WHAT IS REQUIRED -> In the material below, find the line with "The Super Mario" and the line with "découvrez les bienfaits", then output those two lines and every line between them, exactly.

DATA FOR THE TASK ->
——

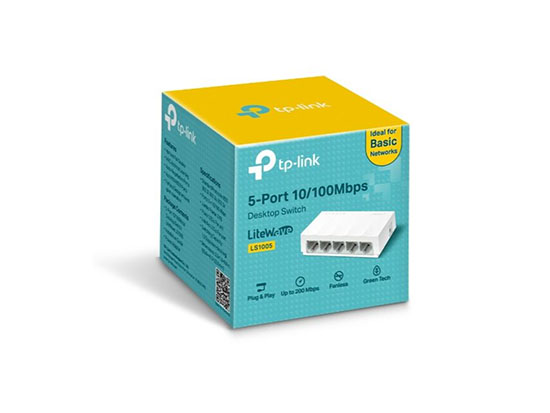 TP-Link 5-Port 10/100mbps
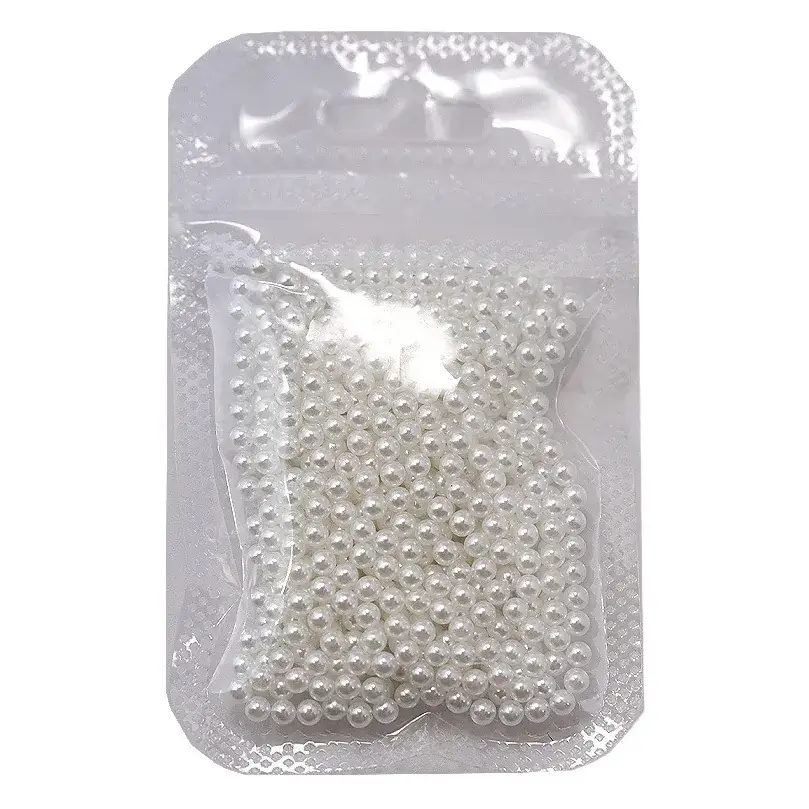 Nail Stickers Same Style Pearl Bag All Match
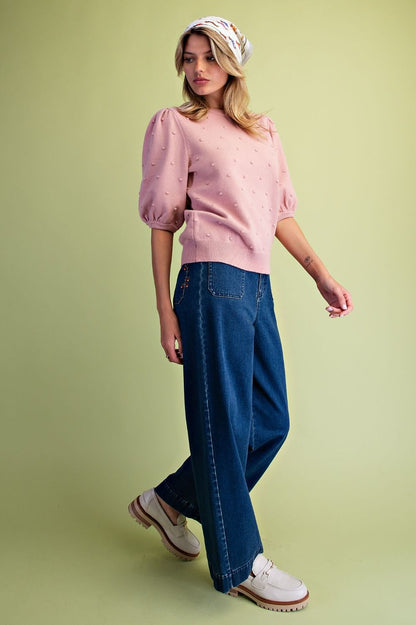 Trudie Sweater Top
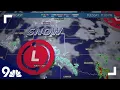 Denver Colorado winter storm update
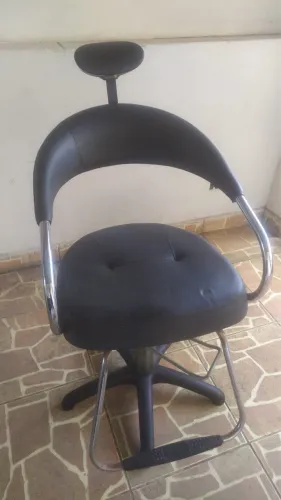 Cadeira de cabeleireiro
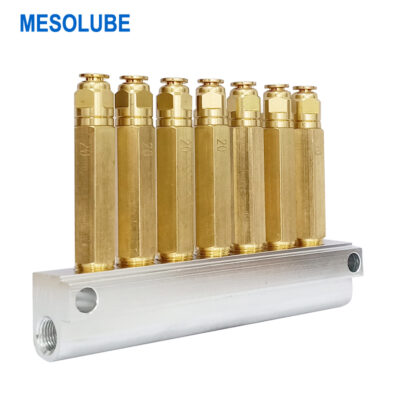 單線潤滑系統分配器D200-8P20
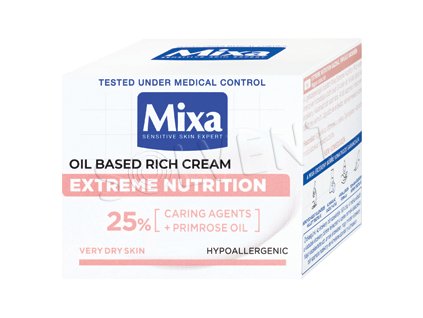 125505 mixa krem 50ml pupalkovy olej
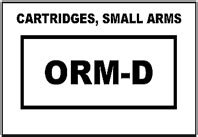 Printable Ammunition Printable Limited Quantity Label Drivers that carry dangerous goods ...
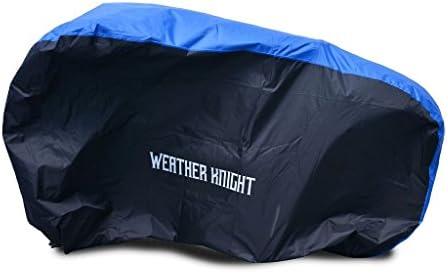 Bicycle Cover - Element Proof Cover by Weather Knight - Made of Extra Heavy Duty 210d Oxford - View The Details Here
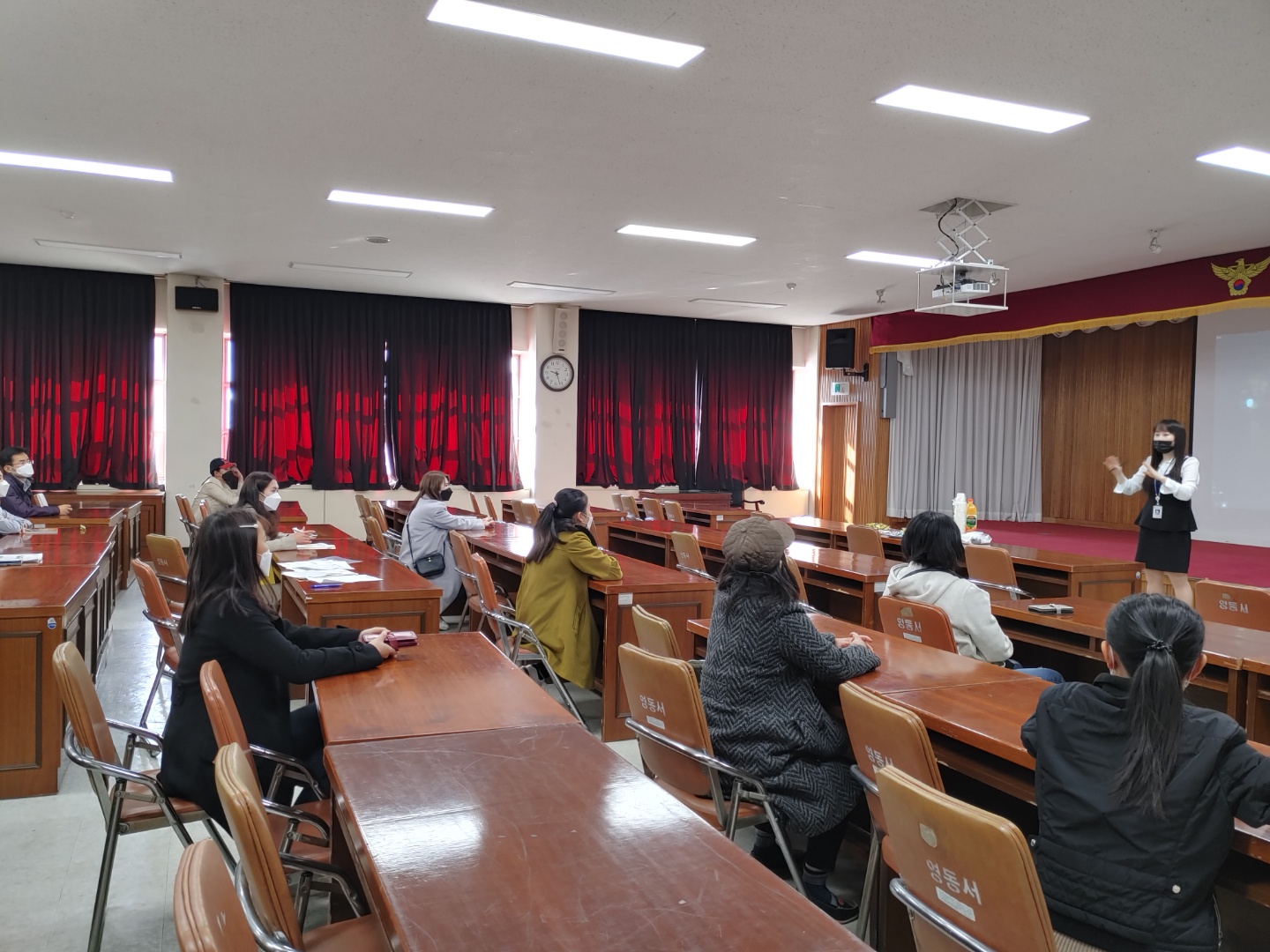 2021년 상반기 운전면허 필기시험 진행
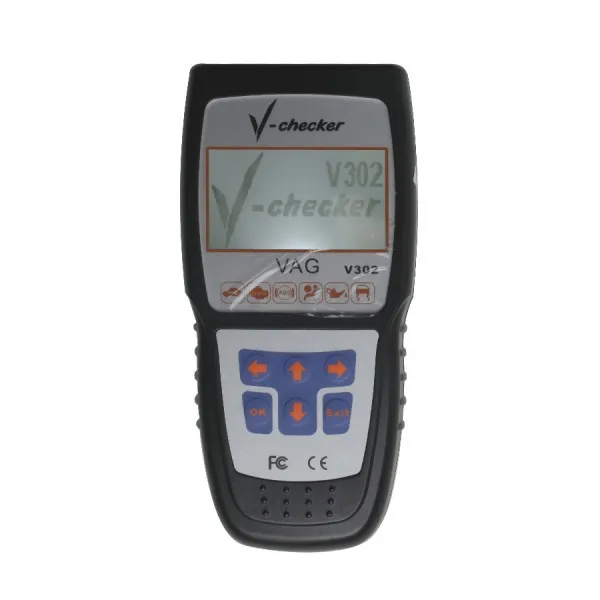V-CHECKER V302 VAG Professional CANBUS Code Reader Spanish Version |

——

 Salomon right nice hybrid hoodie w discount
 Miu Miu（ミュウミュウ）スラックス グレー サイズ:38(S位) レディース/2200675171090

——

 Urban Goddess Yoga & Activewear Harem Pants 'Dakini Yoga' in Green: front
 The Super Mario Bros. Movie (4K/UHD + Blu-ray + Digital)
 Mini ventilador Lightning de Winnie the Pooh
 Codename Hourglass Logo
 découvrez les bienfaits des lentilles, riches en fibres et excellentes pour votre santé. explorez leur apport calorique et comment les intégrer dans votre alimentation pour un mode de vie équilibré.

——

ANSWER TO THIS EXERCISE ->
 The Super Mario Bros. Movie (4K/UHD + Blu-ray + Digital)
 Mini ventilador Lightning de Winnie the Pooh
 Codename Hourglass Logo
 découvrez les bienfaits des lentilles, riches en fibres et excellentes pour votre santé. explorez leur apport calorique et comment les intégrer dans votre alimentation pour un mode de vie équilibré.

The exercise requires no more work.